==== Material supplied
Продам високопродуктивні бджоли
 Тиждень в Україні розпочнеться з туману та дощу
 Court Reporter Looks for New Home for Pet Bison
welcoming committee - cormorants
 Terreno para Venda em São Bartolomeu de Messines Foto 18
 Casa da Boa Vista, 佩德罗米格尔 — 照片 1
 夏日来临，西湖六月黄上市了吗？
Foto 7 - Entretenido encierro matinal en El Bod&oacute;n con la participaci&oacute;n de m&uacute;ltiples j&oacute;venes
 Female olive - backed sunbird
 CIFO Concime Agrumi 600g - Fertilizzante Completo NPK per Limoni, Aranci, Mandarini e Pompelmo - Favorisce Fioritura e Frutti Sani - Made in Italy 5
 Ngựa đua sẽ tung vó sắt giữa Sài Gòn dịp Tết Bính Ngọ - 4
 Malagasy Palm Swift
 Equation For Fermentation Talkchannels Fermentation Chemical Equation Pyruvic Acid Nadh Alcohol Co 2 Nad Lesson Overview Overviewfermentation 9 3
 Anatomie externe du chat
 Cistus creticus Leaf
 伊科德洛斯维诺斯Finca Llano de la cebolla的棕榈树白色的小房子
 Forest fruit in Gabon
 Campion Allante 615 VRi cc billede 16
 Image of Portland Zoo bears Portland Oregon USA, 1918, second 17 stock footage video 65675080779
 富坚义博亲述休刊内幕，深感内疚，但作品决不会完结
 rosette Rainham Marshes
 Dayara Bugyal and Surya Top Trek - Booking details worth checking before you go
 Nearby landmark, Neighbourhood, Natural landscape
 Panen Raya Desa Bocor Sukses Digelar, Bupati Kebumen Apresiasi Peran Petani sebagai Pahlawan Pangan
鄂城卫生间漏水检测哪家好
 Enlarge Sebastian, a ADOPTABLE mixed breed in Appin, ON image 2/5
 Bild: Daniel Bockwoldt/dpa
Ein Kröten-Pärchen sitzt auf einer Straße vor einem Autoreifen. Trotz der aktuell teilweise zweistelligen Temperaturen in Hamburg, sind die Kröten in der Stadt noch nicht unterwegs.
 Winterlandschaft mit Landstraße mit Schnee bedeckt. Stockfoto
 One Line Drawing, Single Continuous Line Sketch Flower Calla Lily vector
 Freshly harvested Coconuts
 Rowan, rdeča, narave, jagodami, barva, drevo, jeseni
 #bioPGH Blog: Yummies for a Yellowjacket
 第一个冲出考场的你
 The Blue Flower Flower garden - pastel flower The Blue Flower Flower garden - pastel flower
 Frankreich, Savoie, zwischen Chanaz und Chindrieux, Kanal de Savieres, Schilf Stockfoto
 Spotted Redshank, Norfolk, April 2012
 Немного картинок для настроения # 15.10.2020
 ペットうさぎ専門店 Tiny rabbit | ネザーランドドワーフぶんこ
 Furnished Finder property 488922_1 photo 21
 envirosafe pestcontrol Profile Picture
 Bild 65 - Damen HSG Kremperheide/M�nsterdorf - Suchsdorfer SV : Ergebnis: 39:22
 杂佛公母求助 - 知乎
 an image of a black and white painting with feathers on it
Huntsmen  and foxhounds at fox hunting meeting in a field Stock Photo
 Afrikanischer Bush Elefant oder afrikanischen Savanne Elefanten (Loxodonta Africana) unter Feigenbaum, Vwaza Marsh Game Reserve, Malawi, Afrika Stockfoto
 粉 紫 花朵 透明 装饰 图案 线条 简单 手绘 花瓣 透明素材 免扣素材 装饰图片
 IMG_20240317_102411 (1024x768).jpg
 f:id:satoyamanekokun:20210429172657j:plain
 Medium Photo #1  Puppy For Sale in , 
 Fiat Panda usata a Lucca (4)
========
Exercise prompt: Which lines above hold the string "Flower"? Show each of them.

Response to this exercise:
 One Line Drawing, Single Continuous Line Sketch Flower Calla Lily vector
 The Blue Flower Flower garden - pastel flower The Blue Flower Flower garden - pastel flower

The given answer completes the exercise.